FRANKFURT, Germany (AP) -- The European Central Bank has left its key interest rate unchanged at a record low of 0.75 percent, holding off on further stimulus for the euro area's slack economy — despite signs that a hoped-for recovery may be delayed.
Markets are now waiting to hear ECB President Mario Draghi's views at his regular monthly news conference, which follows the rate-setting meeting of the bank's 23-member governing council at its headquarters in Frankfurt, Germany.
The central bank for the 17 European Union countries that use the euro currency has said it expects a gradual recovery in the eurozone's economy later this year.
Yet recent data has raised doubts. Surveys of services and manufacturing purchasing managers suggest the region's economy shrank in the first quarter of 2013 — the sixth time it has fallen in a row. Unemployment is at 12 percent, the highest since the euro currency union was formed in 1999.

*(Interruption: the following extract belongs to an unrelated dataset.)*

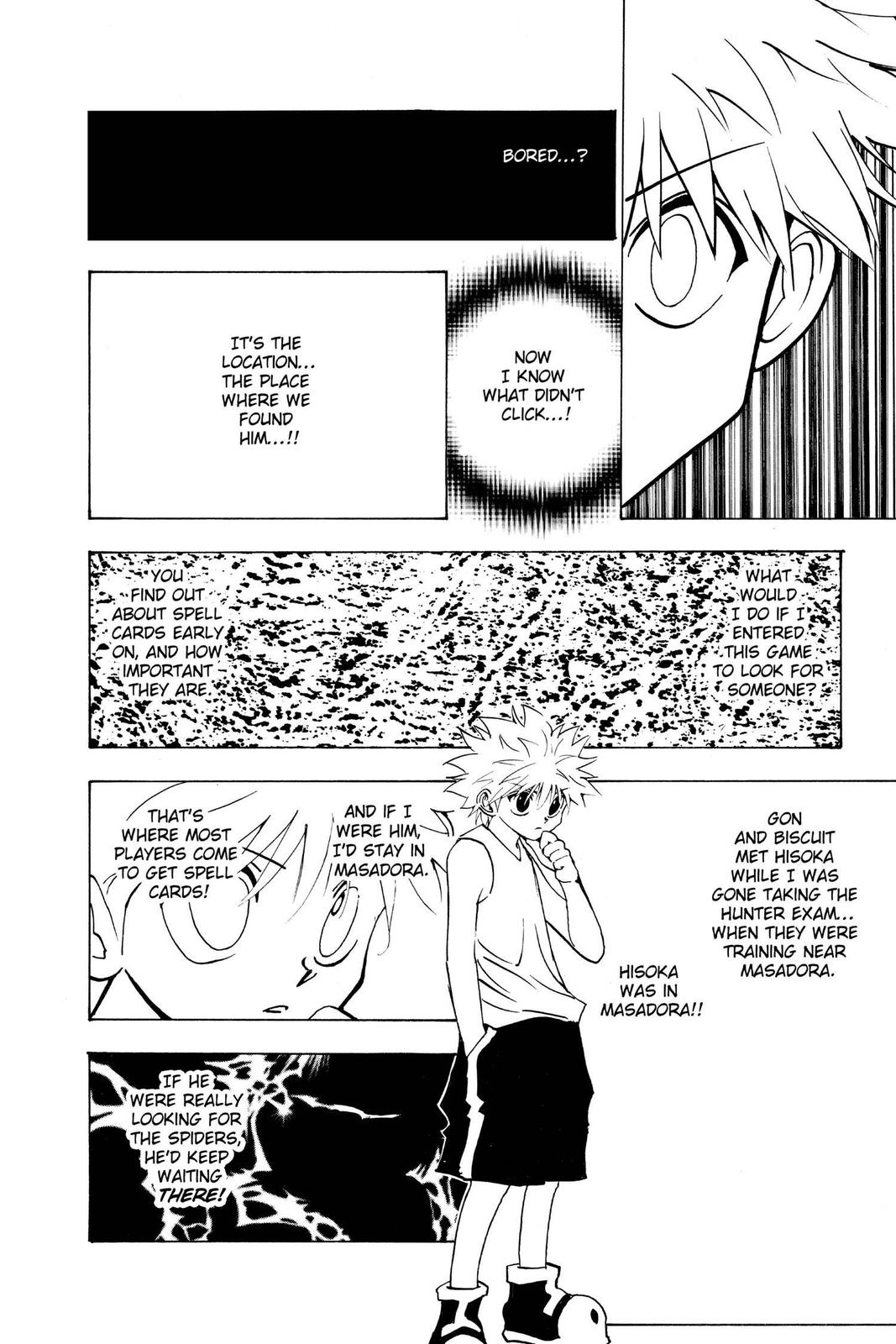 Hunter x Hunter Chap 159 - Next Chap 160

The benchmark refinancing rate is what the ECB charges banks to borrow from it and so influences how lenders charge companies to borrow, expand production and hire people. So a cut, in theory, would help the economy grow.

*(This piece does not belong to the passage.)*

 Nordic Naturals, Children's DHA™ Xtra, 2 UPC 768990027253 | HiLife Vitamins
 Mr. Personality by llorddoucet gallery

Additionally, inflation is low at an annual rate of 1.7 percent, below the bank's target of just under 2 percent. That leaves the bank free to cut if it wants, since there's little fear that lower rates could stoke inflation.

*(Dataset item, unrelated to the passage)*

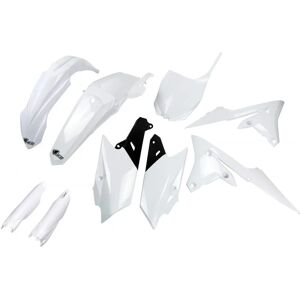 Kit de Plástico Blanco Yamaha YZF 250/450 - Carenado de Moto Kit de Plástico Blanco Yamaha YZF 250/450 - Carenado de Moto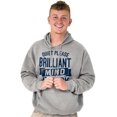 thumbnail image 5 of Billiant Mind Autism Awareness Hoodie Sweatshirt Women Men Brisco Brands M, 5 of 6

Yet bank officials have held off, and indicated a rate cut might do little additional good.
They worry that the current low benchmark rate is not being passed on to companies because of troubled bank finances in heavily indebted eurozone countries. Instead of cutting the main rate, the ECB has tried to address that by letting banks borrow all they want at its regular credit offerings.
Lending also remains weak because companies and consumers often see no reason to risk borrowing in a slack economy.
The Bank of England also left its key rate unchanged Thursday at a record low 0.5 percent. But, in an attempt to end years of crippling deflation that has killed off growth in Japan, the country's central bank startled markets Thursday by saying it would aggressively step up measures to increase the supply of money in the economy and push inflation up to 2 percent.
Draghi will also likely be asked his views about the bailout loan being given to Cyprus by the other eurozone governments and the International Monetary Fund. The bailout ruffled markets after a first proposal included losses for all savers in Cyprus's banks — including those with deposits less than 100,000 euros, an amount that's covered by Europe's deposit insurance. That idea was withdrawn, leading to a weeklong scramble to come up with another plan that spared smaller savers.
The Cyprus turmoil however has not reawakened the eurozone's debt crisis, which was marked by dangerously high borrowing costs for indebted countries such as Spain and Italy due to fears they might default on their debts.
The ECB calmed markets after Draghi said last year it would "do whatever it takes" to preserve the euro and the bank followed through in September with an offer to buy the bonds of indebted countries on the open market.
The ECB has yet to buy any bonds under the offer. But the mere proposal has lowered bond market borrowing rates and given troubled countries more time to straighten out their finances.